##### Information provided
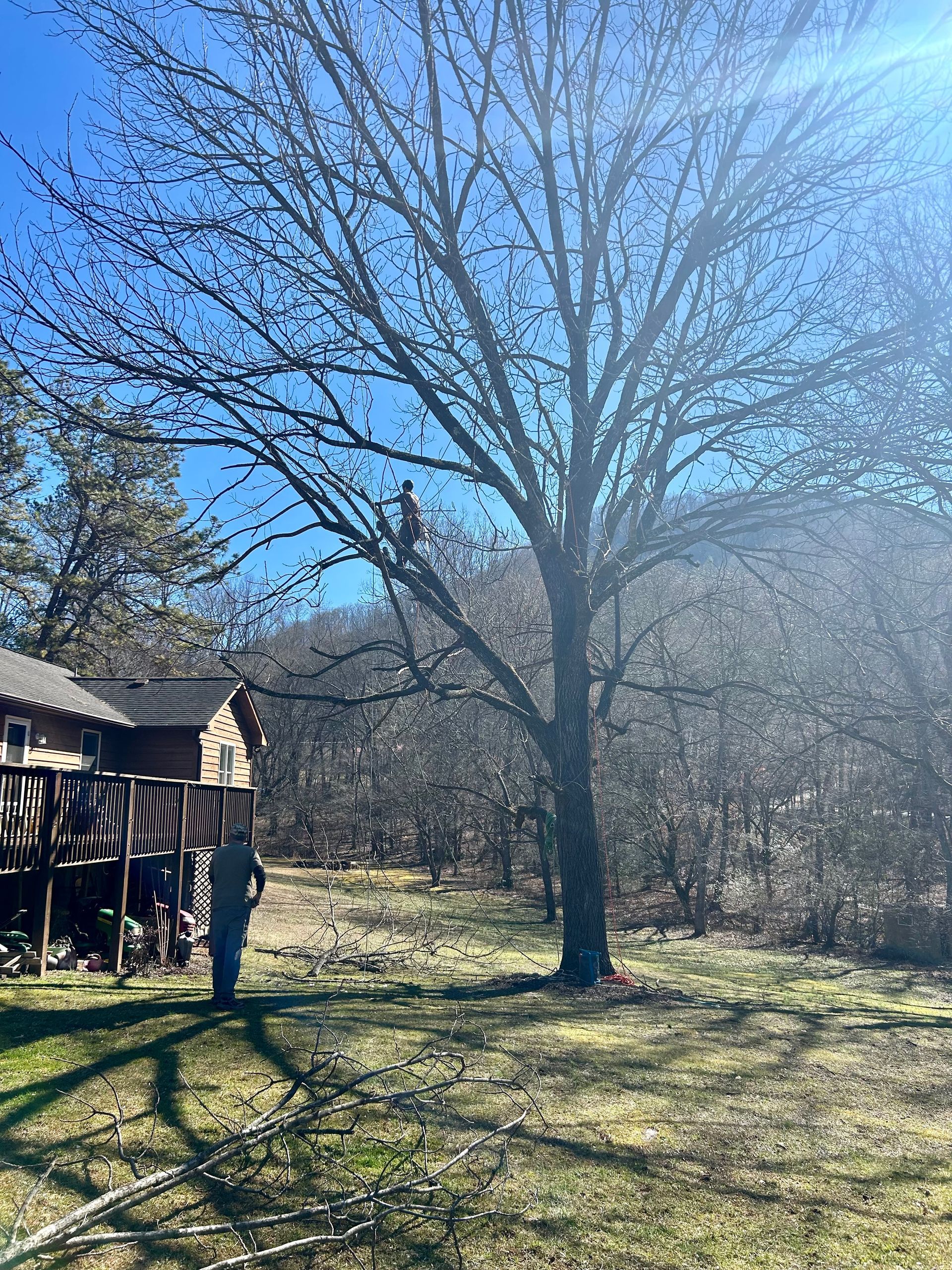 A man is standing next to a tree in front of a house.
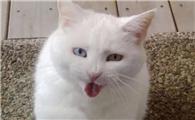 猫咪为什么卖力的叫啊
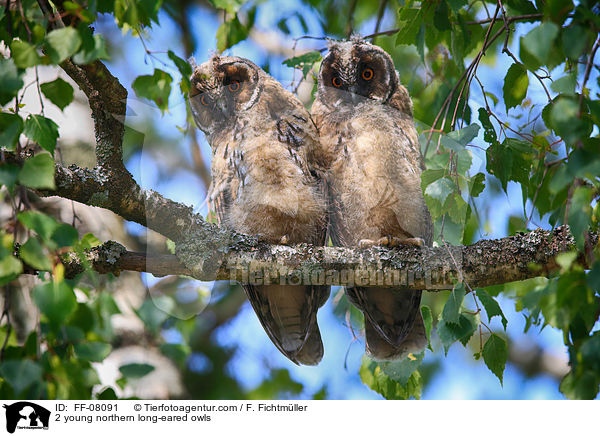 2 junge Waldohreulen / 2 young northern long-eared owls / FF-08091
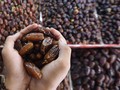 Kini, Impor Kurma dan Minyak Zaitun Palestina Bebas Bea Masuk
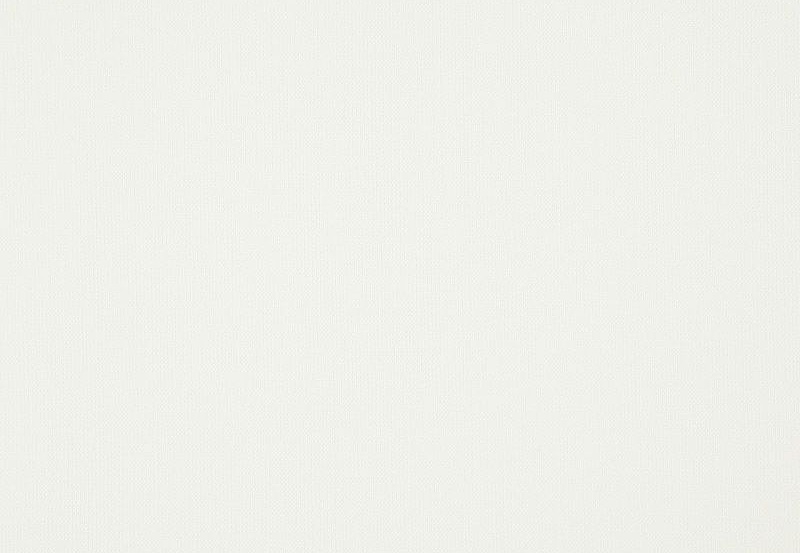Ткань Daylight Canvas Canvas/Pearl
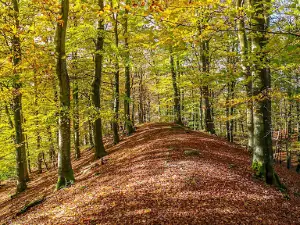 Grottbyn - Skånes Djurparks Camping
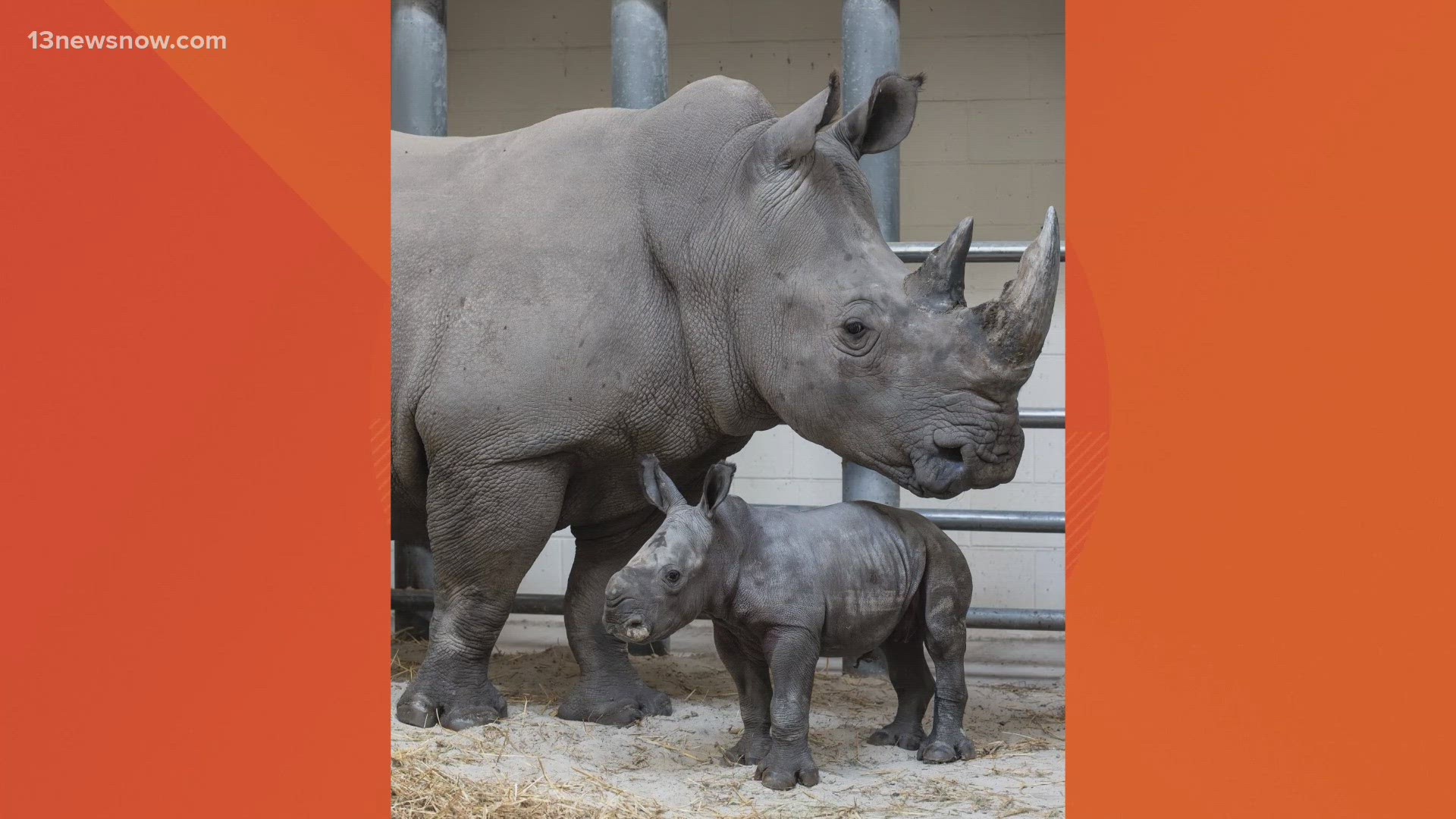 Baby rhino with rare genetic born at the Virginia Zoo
##########
##### Information provided
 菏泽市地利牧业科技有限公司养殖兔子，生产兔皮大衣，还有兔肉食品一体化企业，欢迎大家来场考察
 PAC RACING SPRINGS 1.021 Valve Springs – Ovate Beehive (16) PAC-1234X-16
##########
- **Assignment**
Set the pictures aside and reproduce exactly the lines above, from the line holding "A man is standing" through the line holding "Baby rhino with", both included, with nothing else.

- **Answer area**
 A man is standing next to a tree in front of a house.
 猫咪为什么卖力的叫啊
 2 junge Waldohreulen / 2 young northern long-eared owls / FF-08091
 Kini, Impor Kurma dan Minyak Zaitun Palestina Bebas Bea Masuk
Ткань Daylight Canvas Canvas/Pearl
 Grottbyn - Skånes Djurparks Camping
 Baby rhino with rare genetic born at the Virginia Zoo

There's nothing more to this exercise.